Lab 3-01: PyTorch Tensors & Autograd

Learning Goals

  • Master tensor operations and their CUDA equivalents
  • Understand PyTorch's dynamic computation graph
  • Use autograd to compute gradients manually
  • Avoid common pitfalls: in-place ops, detach, no_grad
  • Profile GPU memory usage with torch.cuda.memory_summary

Core Concepts

Tensors

import torch

# Creation
x = torch.tensor([1.0, 2.0, 3.0])        # from Python list
x = torch.zeros(3, 4)                     # zeros
x = torch.randn(2, 3, requires_grad=True) # Gaussian random, tracks gradients
x = torch.arange(12).reshape(3, 4).float()

# Device placement
device = torch.device("cuda" if torch.cuda.is_available() else "cpu")
x = x.to(device)
# or
x = x.cuda()   # GPU
x = x.cpu()    # back to CPU

Computation Graph

PyTorch builds a directed acyclic graph (DAG) dynamically as ops execute. Each tensor with requires_grad=True records its creation operation.

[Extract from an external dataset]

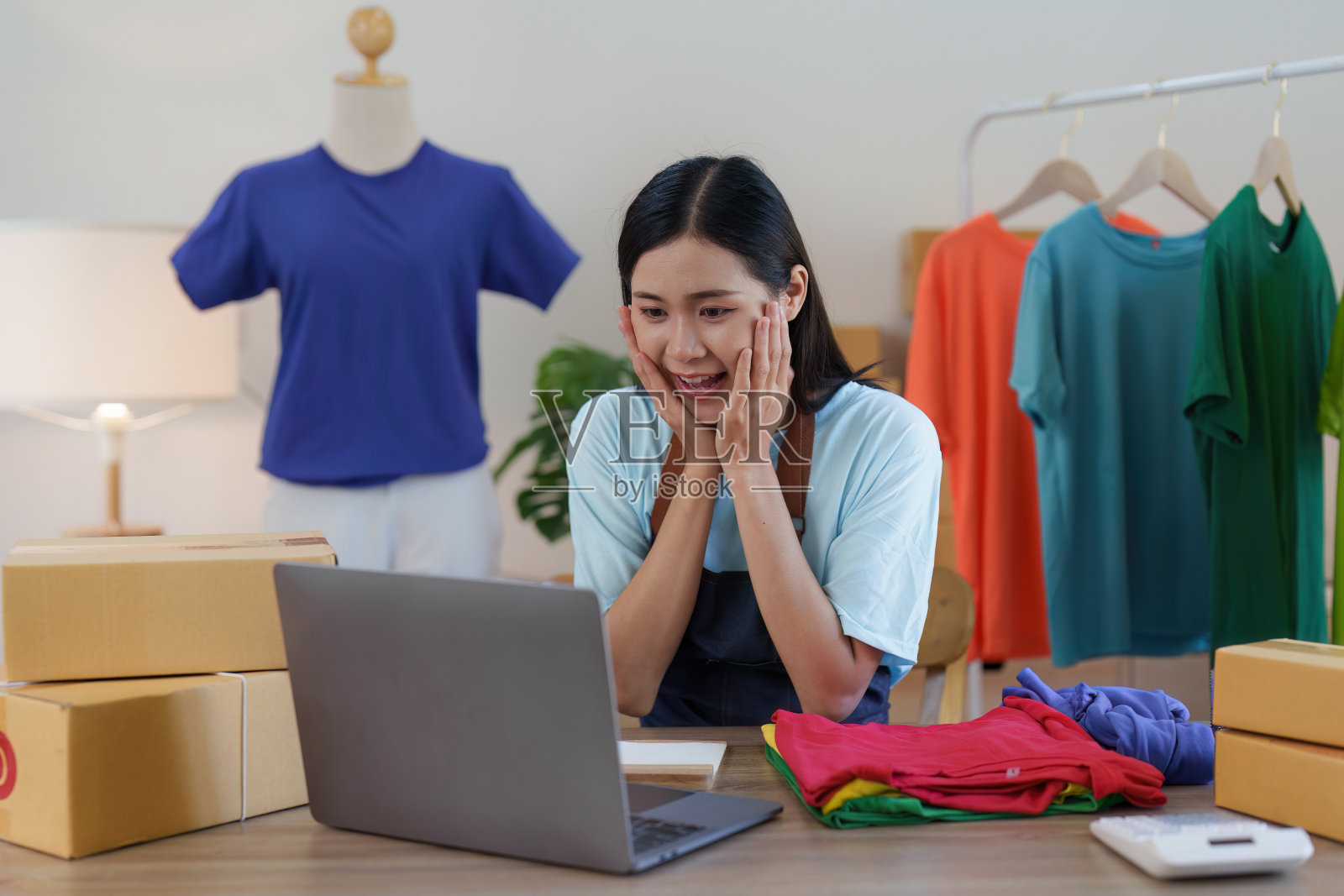 亚洲女性时装设计师布裁缝创意工作的新系列。快乐的网上商店老板准备运输订单照片摄影图片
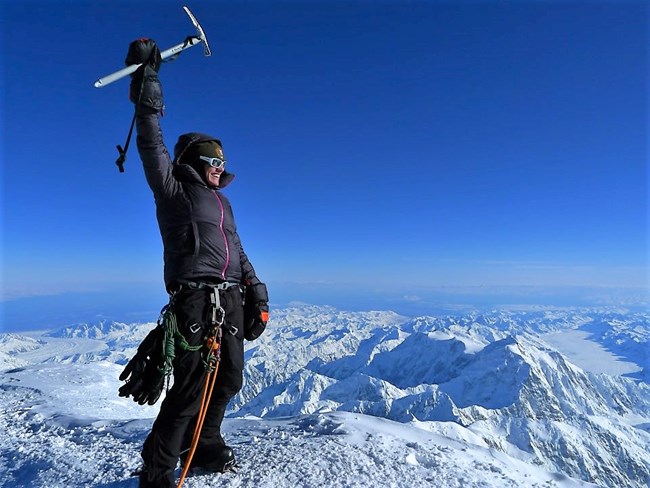 A mountaineer stands on the summit of Denali, overlooking a vast landscape of smaller, snowy mountains.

x = torch.tensor(2.0, requires_grad=True)
y = x ** 2 + 3 * x + 1   # y = x²+ 3x + 1
y.backward()               # dy/dx = 2x + 3
print(x.grad)              # tensor(7.) = 2*2 + 3

Gradient Tape (manual backward)

x = torch.randn(3, requires_grad=True)
W = torch.randn(4, 3, requires_grad=True)
b = torch.zeros(4, requires_grad=True)

# Forward pass
z = W @ x + b
loss = z.pow(2).sum()

# Backward pass — PyTorch computes all gradients
loss.backward()
print(W.grad)   # dL/dW, shape (4, 3)
print(x.grad)   # dL/dx, shape (3,)

torch.no_grad() vs detach()

# no_grad: disable gradient tracking for inference (saves memory, faster)
with torch.no_grad():
    pred = model(x)   # no gradient computation

# detach: break the graph — use when you want the value without gradient
y = x.detach().numpy()  # convert to numpy

# grad_fn shows you what op created the tensor
x = torch.randn(3, requires_grad=True)
y = x.sin()
print(y.grad_fn)  # <SinBackward0 object>

In-Place Operations — Common Pitfall

x = torch.randn(3, requires_grad=True)
# BAD: in-place modifies the tensor autograd needs for backward
x += 1  # RuntimeError: a leaf Variable that requires grad has been used in an in-place operation

# GOOD: create a new tensor
x = x + 1

CUDA Memory Management

# Check memory
print(torch.cuda.memory_allocated() / 1e6, "MB allocated")
print(torch.cuda.max_memory_allocated() / 1e6, "MB peak")

# Free cache
torch.cuda.empty_cache()

# Memory profiling context
with torch.profiler.profile(
    activities=[torch.profiler.ProfilerActivity.CUDA],
    profile_memory=True,
) as prof:
    y = model(x)

print(prof.key_averages().table(sort_by="cuda_memory_usage", row_limit=10))

Interview Questions

Q: What is the computation graph in PyTorch? How does it differ from TensorFlow 1.x?
A: PyTorch uses a dynamic (define-by-run) computation graph built at runtime during the forward pass. TF1 used a static graph defined before execution. Dynamic graphs enable Python control flow (if/else, loops) in model forward passes and easier debugging.

Q: What does .detach() do?
A: It returns a new tensor with the same data but without gradient tracking. Use it to: (1) convert to numpy; (2) prevent gradients flowing into part of the graph (e.g., frozen encoder); (3) implement stop-gradient operations.

Q: Why does zero_grad() need to be called before backward()?
A: PyTorch accumulates gradients by default. Without zero_grad(), each backward pass adds to existing gradients. This is useful for gradient accumulation (simulating larger batch sizes), but must be reset at the start of each update step.

Q: What's the difference between model.eval() and torch.no_grad()?
A: model.eval() changes the behavior of layers like BatchNorm (use running stats instead of batch stats) and Dropout (disable it). torch.no_grad() disables gradient computation to save memory and time. For inference, you typically want both.